The company has since dropped out of mold coverage, as have many other home insurers. They now tend to categorize mold as a form of pollution, which most policies exclude from coverage. This means home insurers are now less ripe for plucking than business liability carriers and the clients who pay the premiums.
Toxic mold has become an ingredient in the soup of construction defect litigation that has been a favorite of the trial bar for a couple of decades. This is not to say some builders don't deserve to be sued. It is to say that the structure hasn't been built that doesn't have molehills of imperfections that can be made mountain-sized by a forked-tongue attorney. So crass have they become that in parts of the country, particularly out West, builders and subcontractors now have trouble obtaining liability insurance at any price for residential construction.
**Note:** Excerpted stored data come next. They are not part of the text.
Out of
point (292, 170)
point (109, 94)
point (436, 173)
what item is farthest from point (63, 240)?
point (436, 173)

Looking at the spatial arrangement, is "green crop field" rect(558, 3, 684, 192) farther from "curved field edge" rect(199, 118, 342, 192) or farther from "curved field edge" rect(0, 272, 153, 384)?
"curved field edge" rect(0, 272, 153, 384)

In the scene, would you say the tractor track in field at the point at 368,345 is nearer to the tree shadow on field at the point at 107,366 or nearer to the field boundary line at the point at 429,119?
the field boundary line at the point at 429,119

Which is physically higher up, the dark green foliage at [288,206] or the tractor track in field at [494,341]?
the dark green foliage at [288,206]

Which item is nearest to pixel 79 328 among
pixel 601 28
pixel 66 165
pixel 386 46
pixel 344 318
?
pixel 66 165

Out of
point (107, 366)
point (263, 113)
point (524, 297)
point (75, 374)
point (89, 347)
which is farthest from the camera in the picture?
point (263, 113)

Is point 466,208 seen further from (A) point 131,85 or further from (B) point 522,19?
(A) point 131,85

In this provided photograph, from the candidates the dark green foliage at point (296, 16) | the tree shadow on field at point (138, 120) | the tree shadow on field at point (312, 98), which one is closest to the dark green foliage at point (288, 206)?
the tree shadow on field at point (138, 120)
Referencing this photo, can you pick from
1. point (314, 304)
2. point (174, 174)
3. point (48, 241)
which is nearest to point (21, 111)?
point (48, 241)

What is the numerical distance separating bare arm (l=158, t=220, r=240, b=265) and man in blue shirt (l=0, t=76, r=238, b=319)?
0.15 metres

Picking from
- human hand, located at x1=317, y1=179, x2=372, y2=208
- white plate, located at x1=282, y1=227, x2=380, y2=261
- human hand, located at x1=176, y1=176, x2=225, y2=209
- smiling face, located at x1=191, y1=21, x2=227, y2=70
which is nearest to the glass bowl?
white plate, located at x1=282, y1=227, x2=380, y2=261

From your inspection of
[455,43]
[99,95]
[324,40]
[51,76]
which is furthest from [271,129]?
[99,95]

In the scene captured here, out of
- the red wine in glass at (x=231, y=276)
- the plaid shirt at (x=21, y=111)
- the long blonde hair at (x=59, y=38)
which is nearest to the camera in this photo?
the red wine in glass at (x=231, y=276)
Architects, engineers, builders, GCs and subcontractors from various trades, along with manufacturers, suppliers, and of course the insurers, typically get named in these lawsuits as fingers point every which way. In the case of moisture, it's often impossible to pinpoint the source. Nor is it clear how to apportion blame among building products, design or installation flaws, or simply poor housekeeping.
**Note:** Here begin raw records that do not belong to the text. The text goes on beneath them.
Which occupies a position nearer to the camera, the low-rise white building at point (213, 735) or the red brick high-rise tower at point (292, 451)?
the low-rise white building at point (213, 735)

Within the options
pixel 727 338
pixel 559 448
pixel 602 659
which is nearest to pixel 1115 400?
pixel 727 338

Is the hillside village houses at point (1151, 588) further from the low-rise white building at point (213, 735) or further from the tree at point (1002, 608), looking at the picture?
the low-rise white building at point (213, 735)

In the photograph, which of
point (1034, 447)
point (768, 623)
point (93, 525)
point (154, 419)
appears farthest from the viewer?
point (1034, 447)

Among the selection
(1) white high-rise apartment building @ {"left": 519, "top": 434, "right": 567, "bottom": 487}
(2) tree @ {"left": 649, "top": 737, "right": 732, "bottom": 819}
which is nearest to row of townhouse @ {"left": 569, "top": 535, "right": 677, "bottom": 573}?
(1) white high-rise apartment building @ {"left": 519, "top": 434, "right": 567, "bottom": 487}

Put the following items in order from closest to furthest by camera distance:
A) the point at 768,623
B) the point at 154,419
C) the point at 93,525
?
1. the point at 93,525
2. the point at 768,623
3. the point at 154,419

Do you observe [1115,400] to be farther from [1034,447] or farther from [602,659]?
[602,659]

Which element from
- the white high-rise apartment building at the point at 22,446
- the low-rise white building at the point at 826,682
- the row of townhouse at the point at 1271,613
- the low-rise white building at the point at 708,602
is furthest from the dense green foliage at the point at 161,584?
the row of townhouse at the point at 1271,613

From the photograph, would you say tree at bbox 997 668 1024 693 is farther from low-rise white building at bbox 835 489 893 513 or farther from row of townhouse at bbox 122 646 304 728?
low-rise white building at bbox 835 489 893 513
One would think that if your products and workmanship don't cause leaks, you ought to be immune to toxic mold and construction defect lawsuits. Don't bet on it. Lawyers are trained to bend truth, justice and the laws of nature into unrecognizable shapes when arguing who's to blame. Ironically, mold growth tends to be enhanced not by poor construction, but by work done right to provide an airtight, energy-saving indoor environment. Ventilation tends to inhibit fungus development.
Even if you don't get sued, you're still paying a steep price. If you haven't renewed your general liability policy recently, brace yourself for a big shock. Premium increases in the 20 percent to 30 percent range are the norm, even more for companies with poor loss results.
What To Do About ItI would like to conclude this piece with some uplifting advice about how to avoid getting caught up in the toxic mold lunacy. I could say, be sure to install plumbing that doesn't leak, although I suspect you may already strive to do that.
The sad truth is that toxic mold litigation is one of those aggravations of modern life that can jump up and bite you no matter how well you perform your work. It is such a potential money maker for the ambulance chasers you can count on it following the same trend line as asbestos hysteria, which over the years has bankrupted dozens of outstanding corporations and forced people to spend billions of dollars on unnecessary and often counterproductive removal projects.
Mold insurance and remediation costs are already headed into the stratosphere. For instance, the St. Charles school district in suburban Chicago has spent an estimated $24 million in mold remediation expenses during the past year. "Every time we sit down to discuss numbers, they are getting bigger," said one school board member. I'm sure similar stories abound throughout the land. School districts that can't find the funds to pay decent teacher salaries or fix the plumbing nonetheless are forced to cough up megabucks for repairs that aren't even needed by any rational calculation of risk.
It's worthwhile having a conversation with your insurance carrier to make sure you're covered for toxic mold claims, and to clarify circumstances that might jeopardize the coverage. It also provides one more incentive for dealing with manufacturers and suppliers you can trust to stand by their products and back you up in the event of unwarranted lawsuits. And, you can work with your trade association to enact product liability reform at the federal and state levels.
Oh, and cross your fingers if you ever do work for anyone with a tort lawyer in the family.